The state reported an increase of over 1,000 hospitalizations this past week, totaling 5,712. The Governor said if this pace continues, it will be at 11,000 in a month. The increase is especially concerning in dense regions like NYC, Cuomo noted. He shut down the city’s indoor dining on Monday, even as he cited statistics showing that three-fourths of new COVID-19 cases come from private gatherings.
De Blasio reiterated the grim forecast on Monday, alerting city residents to prepare emotionally and practically for “the potential of having to do a full pause, a full shutdown, in the coming weeks.” The mayor went on to say “folks who don’t need to be going into a workplace at this point should do as much as they can remotely.”
Eight hospitals across the five boroughs have reached over 90 percent capacity of their intensive care units, above the thresholds laid out by the mayor’s office.
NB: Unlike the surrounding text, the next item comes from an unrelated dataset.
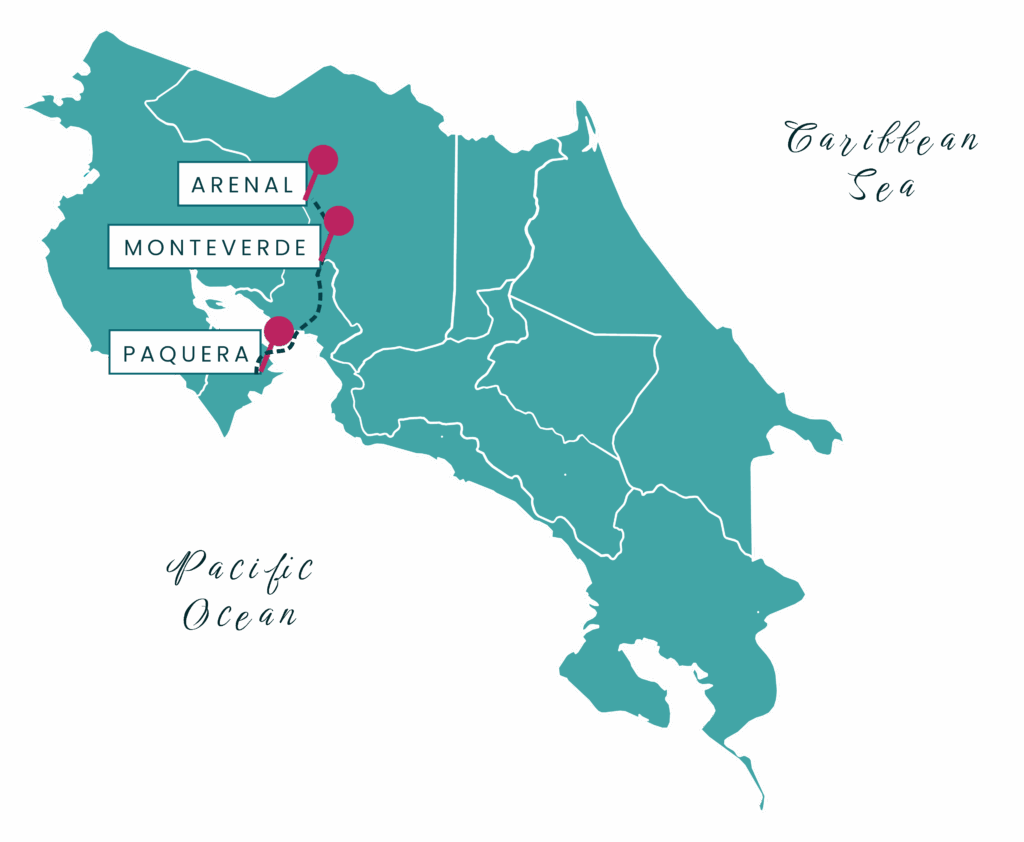 Costa Rica Map Under the Stars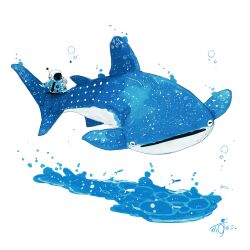 1other absurdres air_bubble animal animal_focus artist_name backpack bag blue_jacket bubble closed_eyes commentary fish flying_fish full_body gloves helmet highres jacket kazunoko_(kazunoko_zunoco) original parted_lips radio_antenna shark signature simple_background sitting sitting_on_animal space_helmet water whale_shark white_background white_gloves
Cuomo said he would declare a “full shutdown” if case and hospitalization rates signal that a region’s hospital capacity will reach 90 percent within three weeks. It would be similar to the PAUSE order issued in March, which shuttered non-essential businesses and schools and prohibited most gatherings.
We spoke with local business owner Lester Wasserman, owner of West NYC and son of Danny Wasserman, who operates Tip Top Shoes next door. “Obviously we don’t like it,” he said in regards to the potential shut down. “They always say follow the science but it didn’t work the first time, so why would it work the second time?” Wasserman has observed more people than ever wearing masks but the numbers continue to rise and he doesn’t believe it’s a science-based decision. Wasserman, who changed the layout of his store to allow greater distancing for customers to shop, says he is concerned about possible layoffs and lost revenue. “It’s a really ugly thing to think about.”
Jennifer Bergman of West Side Kids on the corner of 84th and Amsterdam told ILTUWS she was surprised a shutdown hasn’t already happened. Bergman was proactive back in March and closed West Side Kids a week early, saying “I don’t want anyone getting sick on my watch.” Bergman said if a closure does go into effect that she would come into work alone, legally, since she’s the business owner, and do curbside pickup and web orders. “I won’t technically close like we did in March, where we completely shut down and weren’t open for two months. But my staff will have to go back on unemployment and I’ll lose a lot more business to the internet.”
Fortunately, Bergman and West Side Kids has gotten some recent media attention as a small business fighting for survival. The store was featured on NBC Nightly News and CBS News, and will be on WCBS with Joe Connolly later this week. “It’s been great, we’re getting orders from all over the country.”